[Records for this task]
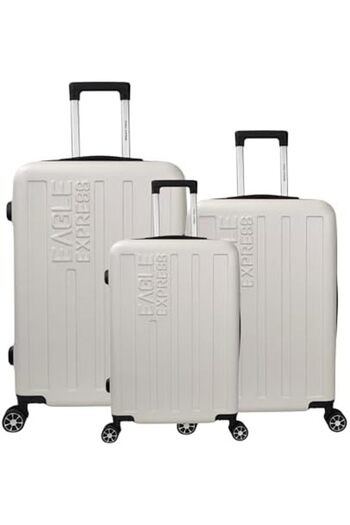 EAGLE EXPRESS EAGLE EXPRESS Venture Hard-Sided Luggage Set, ABS Material, Sizes 20, 24, 28 cm, White (EE-AHT-131)
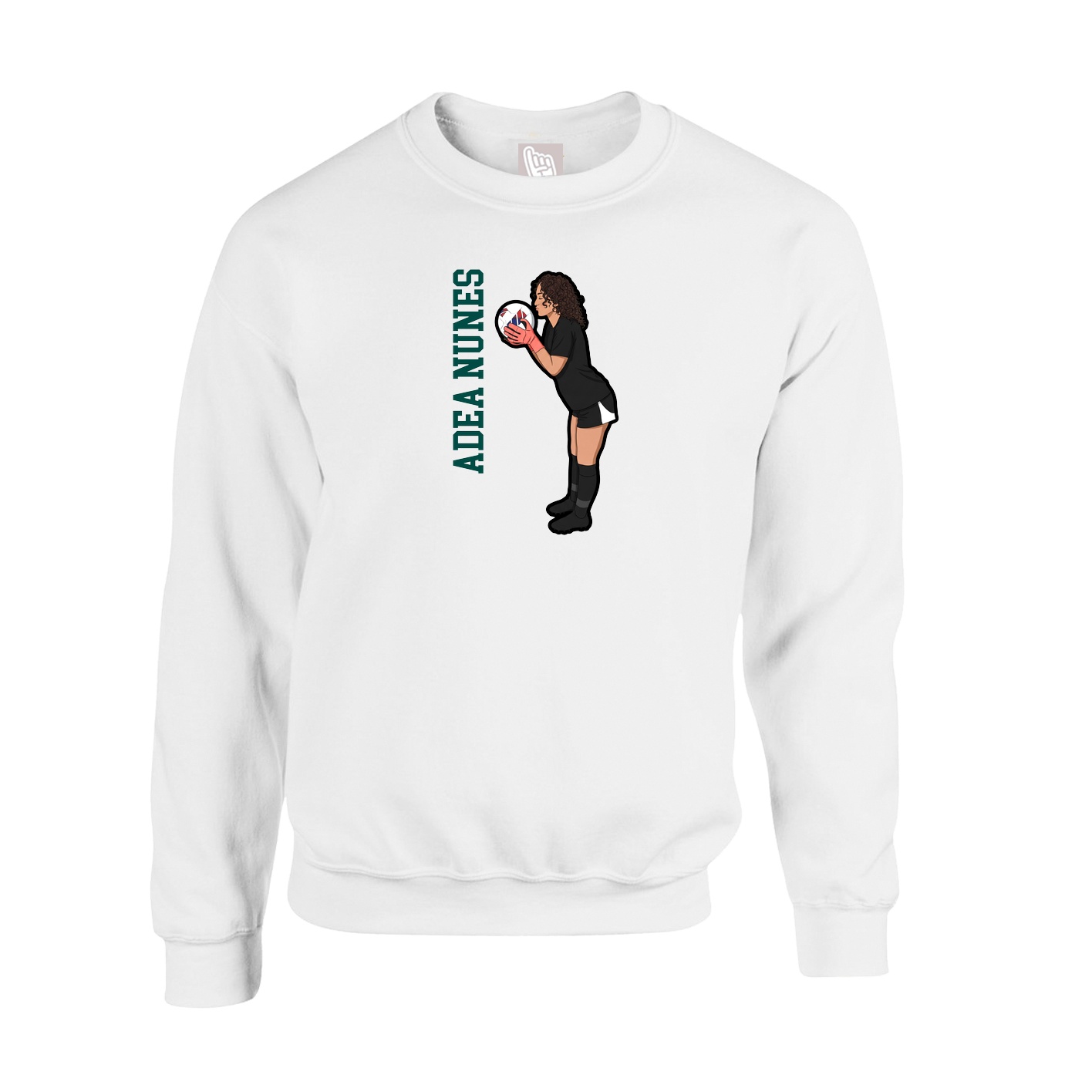 Fleece Crew — Name Vertical in White
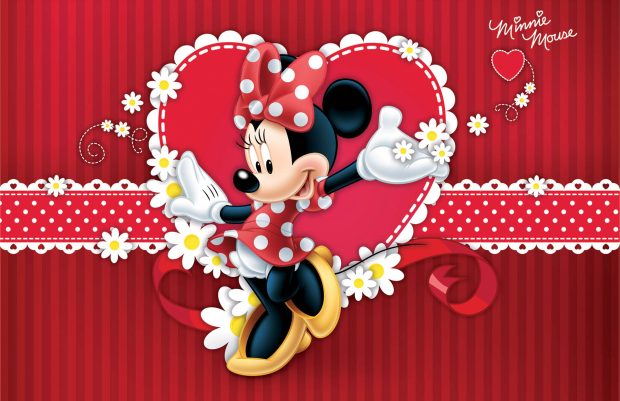 Lovely minnie mouse in red dress wallpapers.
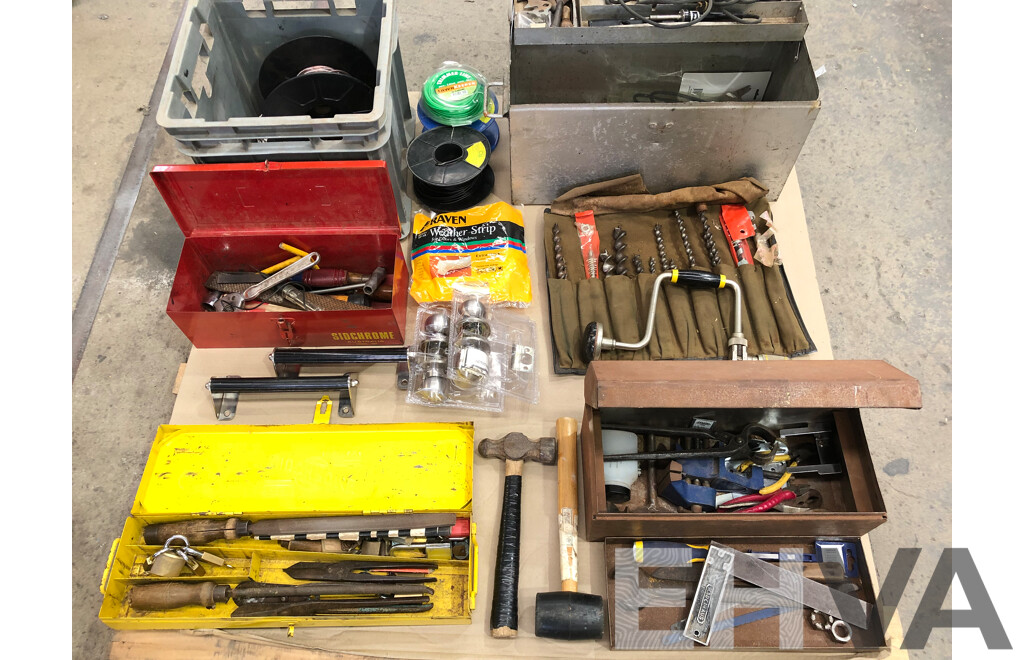 Five Toolboxes with a Selection of Tools and Hardware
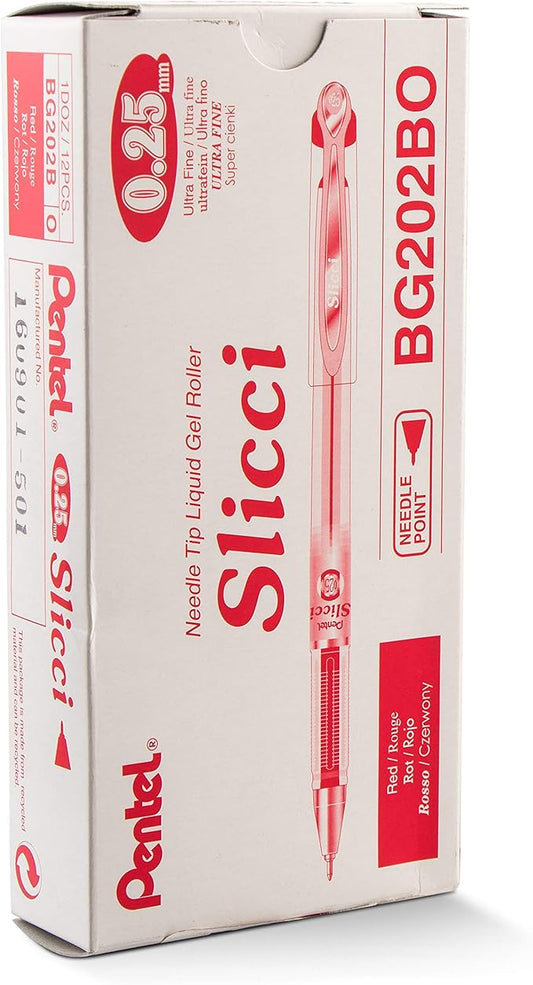Pentel Arts Slicci 0.25 mm Extra Fine Gel Pen, Red Ink, Box of 12 (BG202-B)-DeskLoop Office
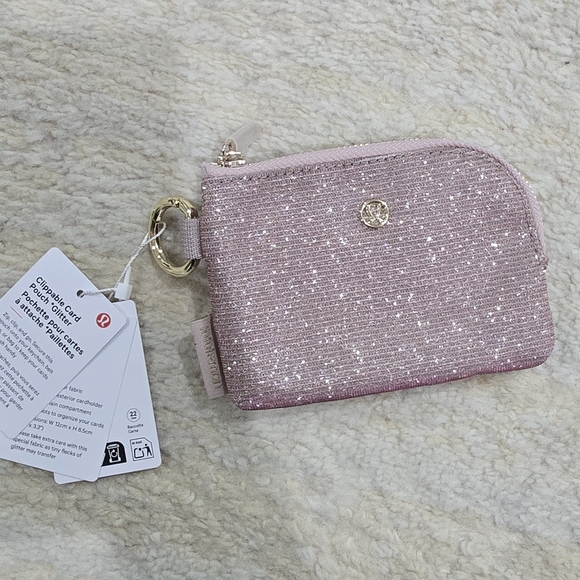 Glittery Pink Pouch with Gold Ring - Picture 1 of 2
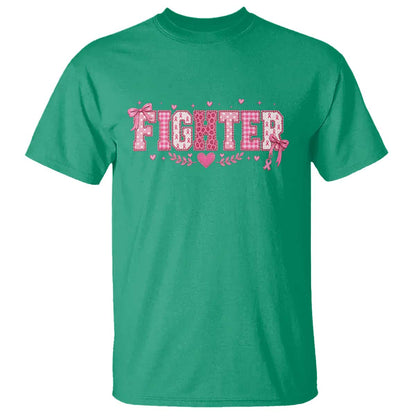 Breast Cancer Fighter Support T Shirt Pink Coquette Bow Ribbon Strength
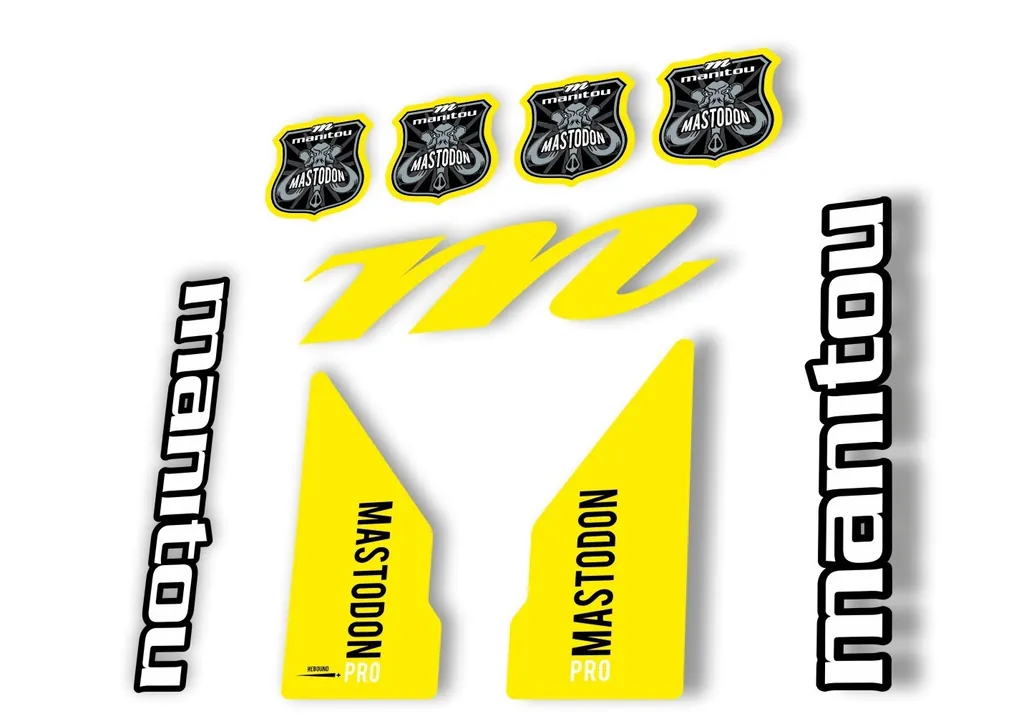 Manitou Mastadon Pro 2017 Fork Suspension Decal Kit Sticker Yellow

[Required action] Please write out the lines above, beginning at the line with "Fleece Crew — Name Vertical in White" and ending at the last line of the records, exactly as they appear and without pictures.

[Response to the exercise]
 Fleece Crew — Name Vertical in White
 Lovely minnie mouse in red dress wallpapers.
 Five Toolboxes with a Selection of Tools and Hardware
Pentel Arts Slicci 0.25 mm Extra Fine Gel Pen, Red Ink, Box of 12 (BG202-B)-DeskLoop Office
 Glittery Pink Pouch with Gold Ring - Picture 1 of 2
 Breast Cancer Fighter Support T Shirt Pink Coquette Bow Ribbon Strength
 Manitou Mastadon Pro 2017 Fork Suspension Decal Kit Sticker Yellow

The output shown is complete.